Sedang tangan kirinya bermakna “berserah total dan mutlak serta selakigus
simbul keilmuaan yang netral namun simpatik”.
Domisili semar adalah sebagai lurah karangdempel /
(karang = gersang) dempel = keteguhan jiwa. Rambut semar “kuncung”
(jarwadasa/pribahasa jawa kuno) maknanya hendak mengatakan : akuning sang
kuncung = sebagai kepribadian pelayan. Semar sebagai pelayan mengejawantah
melayani umat, tanpa pamrih, untuk melaksanakan ibadah amaliah sesuai dengan
sabda Ilahi.

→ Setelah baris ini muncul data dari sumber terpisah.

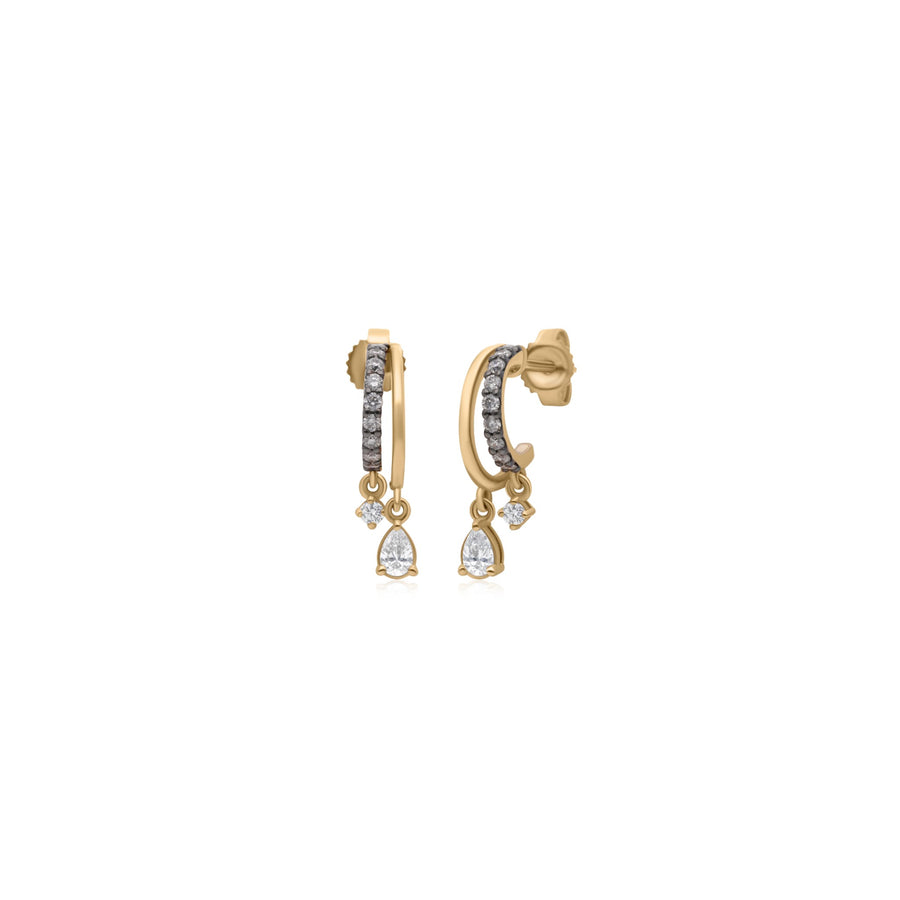 A pair of gold huggie hoop earrings with pavé-set clear stones and pear-cut crystal drop charms, shown on a plain white background.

Semar berjalan menghadap keatas maknanya : “dalam perjalanan anak
manusia perwujudannya ia memberikan teladan agar selalu memandang keatas (sang
Khaliq ) yang maha pengasih serta penyayang umat”.
Kain semar Parangkusumorojo: perwujudan
Dewonggowantah (untuk menuntun manusia) agar memayuhayuning bawono : mengadakan
keadilan dan kebenaran di bumi. Sedangkan ciri ciri sosok semar adalah:
* Semar berkuncung seperti kanak kanak,namun juga
berwajah sangat tua
* Semar tertawanya selalu diakhiri nada tangisan
* Semar berwajah mata menangis namun mulutnya
tertawa
* Semar berprofil berdiri sekaligus jongkok
* Semar tak pernah menyuruh namun memberikan
konsekwensi atas nasehatnya
Dikalangan spiritual Jawa ,Tokoh wayang Semar
ternyata dipandang bukan sebagai fakta historis, tetapi lebih bersifat mitologi
dan symbolis tentang KeEsa-an, yaitu: Suatu lambang dari pengejawantahan
expresi, persepsi dan pengertian tentang Illahi yang menunjukkan pada konsepsi
spiritual. Pengertian ini tidak lain hanyalah suatu bukti yang kuat bahwa orang
Jawa sejak jaman prasejarah adalah Relegius dan ber keTuhan-an yang Maha Esa.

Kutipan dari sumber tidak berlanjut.